Deep Vein Thrombosis
This complication is rare in patients undergoing elective cosmetic surgery. Deep vein thrombosis (DVT) results when a blood clot develops in one or more deep veins in the calf. It is possible for the clot to become dislodged from its origin in the calf and be transported by the bloodstream to the lungs (pulmonary embolus) where it can have very serious consequences. Patients with a previous history of post-operative deep vein thrombosis should warn the surgeon and the anaesthetist before the operation.
Women taking oral contraceptives may run a slightly increased risk of developing a deep vein thrombosis after some operations. There is some controversy about the benefit of stopping oral contraceptives before surgery. Many medical practitioners hold the view that an equal or even greater risk is incurred from the possible complications of an unwanted pregnancy upon cessation of the pill. Nevertheless, it is thought wise to stop oral contraceptives prior to certain operations. Every patient is assessed on merit before surgery and the surgeon should advise each patient accordingly.
Nowadays the best equipped hospitals and clinics have equipment that massages the calves while the patient is under general anaesthetic. In addition, it is now standard practice for all patients to wear anti-embolism stockings during and after the operation.
The incidence of DVT is very much reduced if patients resume gentle activity soon after the operation. It is not a good idea to spend several days in bed after surgery if it is possible to get up and move about. This is not to say that patients should strenuously exercise soon after surgery, as this is likely to have a very deleterious effect.

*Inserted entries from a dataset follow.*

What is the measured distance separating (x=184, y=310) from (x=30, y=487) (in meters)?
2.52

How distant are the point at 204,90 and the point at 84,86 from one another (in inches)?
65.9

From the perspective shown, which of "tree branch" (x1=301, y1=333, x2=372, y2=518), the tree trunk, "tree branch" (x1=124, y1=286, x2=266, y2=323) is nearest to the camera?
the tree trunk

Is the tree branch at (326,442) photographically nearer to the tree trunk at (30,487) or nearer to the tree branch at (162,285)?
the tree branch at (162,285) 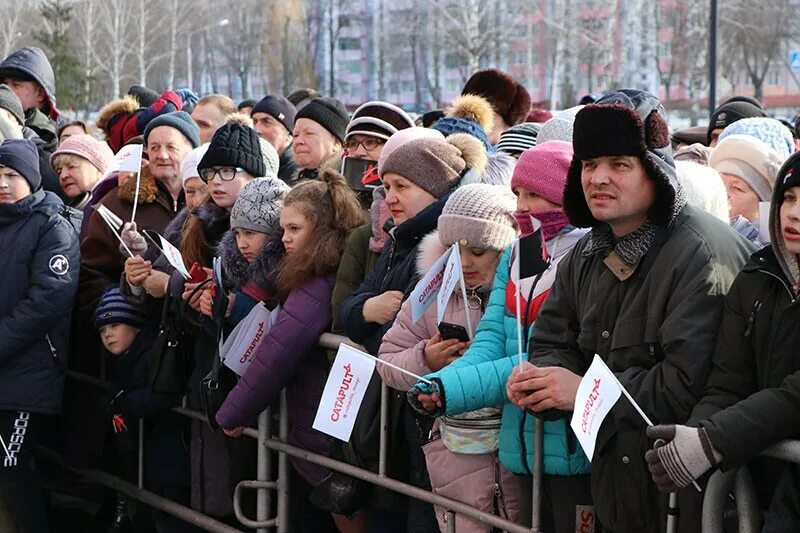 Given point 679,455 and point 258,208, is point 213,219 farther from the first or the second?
point 679,455

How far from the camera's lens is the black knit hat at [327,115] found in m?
6.94

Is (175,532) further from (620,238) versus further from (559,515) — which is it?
(620,238)

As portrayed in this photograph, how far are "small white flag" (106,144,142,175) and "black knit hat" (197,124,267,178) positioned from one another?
12.0 inches

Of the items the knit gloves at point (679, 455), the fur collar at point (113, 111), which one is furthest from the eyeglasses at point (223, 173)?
the fur collar at point (113, 111)

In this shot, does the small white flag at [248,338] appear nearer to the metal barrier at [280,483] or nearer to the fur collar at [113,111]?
the metal barrier at [280,483]

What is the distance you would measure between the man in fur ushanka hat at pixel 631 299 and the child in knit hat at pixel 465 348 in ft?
1.44

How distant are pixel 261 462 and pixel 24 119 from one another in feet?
16.1

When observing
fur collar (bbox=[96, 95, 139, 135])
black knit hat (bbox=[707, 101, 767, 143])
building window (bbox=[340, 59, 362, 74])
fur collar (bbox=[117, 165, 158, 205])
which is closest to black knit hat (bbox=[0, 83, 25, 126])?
fur collar (bbox=[96, 95, 139, 135])

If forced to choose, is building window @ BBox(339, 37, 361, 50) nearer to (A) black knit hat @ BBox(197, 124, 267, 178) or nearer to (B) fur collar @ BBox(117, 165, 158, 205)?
(B) fur collar @ BBox(117, 165, 158, 205)

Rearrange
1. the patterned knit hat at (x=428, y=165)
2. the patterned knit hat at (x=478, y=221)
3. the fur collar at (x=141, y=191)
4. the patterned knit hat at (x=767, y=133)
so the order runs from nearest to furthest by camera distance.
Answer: the patterned knit hat at (x=478, y=221)
the patterned knit hat at (x=428, y=165)
the patterned knit hat at (x=767, y=133)
the fur collar at (x=141, y=191)

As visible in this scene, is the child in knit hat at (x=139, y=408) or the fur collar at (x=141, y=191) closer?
the child in knit hat at (x=139, y=408)

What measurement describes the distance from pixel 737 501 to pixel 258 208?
280 cm

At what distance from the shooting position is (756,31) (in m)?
55.1

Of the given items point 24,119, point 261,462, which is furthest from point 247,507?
point 24,119
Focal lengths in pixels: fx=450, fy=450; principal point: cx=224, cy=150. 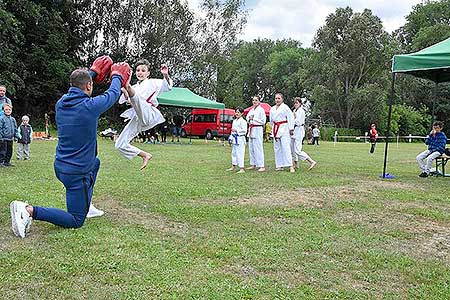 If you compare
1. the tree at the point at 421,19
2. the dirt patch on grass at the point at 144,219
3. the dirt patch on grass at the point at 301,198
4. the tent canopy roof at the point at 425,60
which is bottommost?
the dirt patch on grass at the point at 144,219

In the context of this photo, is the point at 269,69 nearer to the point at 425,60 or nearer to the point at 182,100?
the point at 182,100

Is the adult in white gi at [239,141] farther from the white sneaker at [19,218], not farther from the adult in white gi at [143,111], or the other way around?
the white sneaker at [19,218]

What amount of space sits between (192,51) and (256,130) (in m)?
27.8

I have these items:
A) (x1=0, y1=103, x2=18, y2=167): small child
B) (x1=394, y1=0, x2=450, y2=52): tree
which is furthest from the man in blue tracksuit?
(x1=394, y1=0, x2=450, y2=52): tree

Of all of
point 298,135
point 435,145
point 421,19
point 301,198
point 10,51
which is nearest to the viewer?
point 301,198

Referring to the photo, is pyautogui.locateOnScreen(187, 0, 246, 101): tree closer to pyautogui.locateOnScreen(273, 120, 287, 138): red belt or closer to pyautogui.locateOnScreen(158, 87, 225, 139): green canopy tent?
pyautogui.locateOnScreen(158, 87, 225, 139): green canopy tent

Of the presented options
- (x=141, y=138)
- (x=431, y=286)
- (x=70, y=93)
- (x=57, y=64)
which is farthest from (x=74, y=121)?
(x=57, y=64)

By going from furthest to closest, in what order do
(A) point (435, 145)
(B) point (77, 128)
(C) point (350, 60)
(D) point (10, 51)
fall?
(C) point (350, 60) < (D) point (10, 51) < (A) point (435, 145) < (B) point (77, 128)

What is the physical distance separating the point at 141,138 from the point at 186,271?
2444 cm

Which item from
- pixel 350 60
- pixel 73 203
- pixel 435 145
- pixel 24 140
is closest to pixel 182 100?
pixel 24 140

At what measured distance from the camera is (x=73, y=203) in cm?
471

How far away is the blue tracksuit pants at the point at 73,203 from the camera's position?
462cm

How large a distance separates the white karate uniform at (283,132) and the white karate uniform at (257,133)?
326 millimetres

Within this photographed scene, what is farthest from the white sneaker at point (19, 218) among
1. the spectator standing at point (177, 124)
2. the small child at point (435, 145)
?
the spectator standing at point (177, 124) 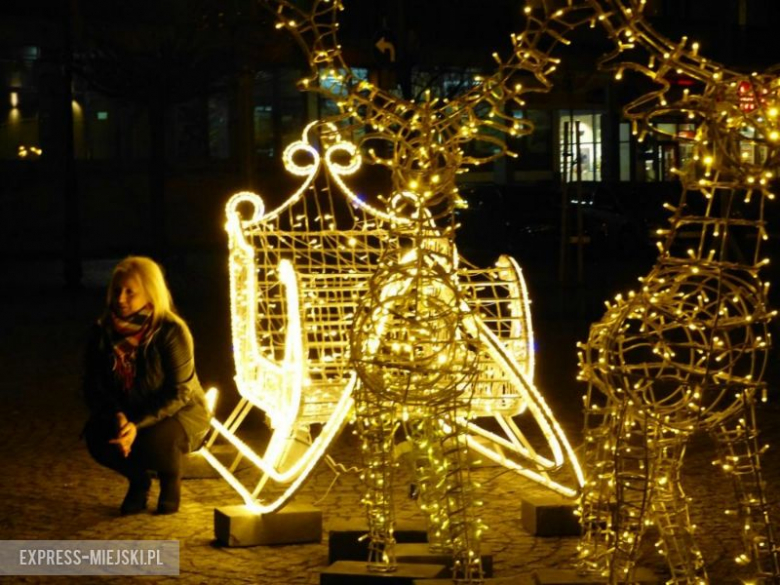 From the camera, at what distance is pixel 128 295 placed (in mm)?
6891

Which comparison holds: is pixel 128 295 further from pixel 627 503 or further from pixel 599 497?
pixel 627 503

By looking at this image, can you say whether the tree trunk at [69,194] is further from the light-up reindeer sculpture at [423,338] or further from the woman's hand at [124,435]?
the light-up reindeer sculpture at [423,338]

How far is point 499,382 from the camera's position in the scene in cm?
660

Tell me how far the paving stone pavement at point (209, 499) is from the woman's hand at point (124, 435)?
1.04 feet

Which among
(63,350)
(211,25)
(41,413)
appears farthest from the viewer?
(211,25)

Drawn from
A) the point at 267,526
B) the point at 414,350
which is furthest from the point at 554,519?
the point at 414,350

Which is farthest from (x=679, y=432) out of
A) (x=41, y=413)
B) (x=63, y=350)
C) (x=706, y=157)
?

Allergic Reactions to Drugs and Dressings
Various drugs are given during a hospital stay in the ward or injected during the course of a general anaesthetic. It is important to avoid being given any drug to which you might be allergic. You must report any known allergy especially to drugs, dressings and foods to the nursing staff on admission to hospital. Severe allergic responses have to be dealt with promptly and effectively to avoid serious consequences.
Bleeding and Haematoma
Sometimes bleeding can continue after the end of the operation or restart again several hours after completion of the operation. It can either track to the surface and manifest itself as localised bruising or collect in a space or pocket deep in the skin. Such a collection of blood is called a haematoma and if it becomes large enough (expanding haematoma) it will be necessary to remove or evacuate it through a further procedure.
In certain cosmetic procedures an expanding haematoma constitutes a surgical emergency in that, if it is not treated promptly, irreversible damage to the surrounding tissue can occur. The best example of this is an expanding haematoma developing under the skin flap following facelift surgery resulting in 'flap necrosis' or death of the skin.
Drains
Sometimes small flexible tubes are used to enable collections of blood or other fluids to drain out from a wound. This reduces bruising and speeds recovery. They are removed a day or two after the operation. Modern drains are made of pliable plastic and remove easily without causing discomfort.
Problems with Urination or Urinary Tract Infection
Patients who are prone to urinary or kidney infections have an increased risk of this happening after surgery. This may be due to lying in one position for a prolonged period during the operation and its recovery, and also because drinking a lot of water is discouraged immediately before surgery.
Blood Transfusion
Blood transfusion is seldom required in cosmetic surgery. All blood is carefully screened by the blood transfusion service for any infectious agent before it is released for use.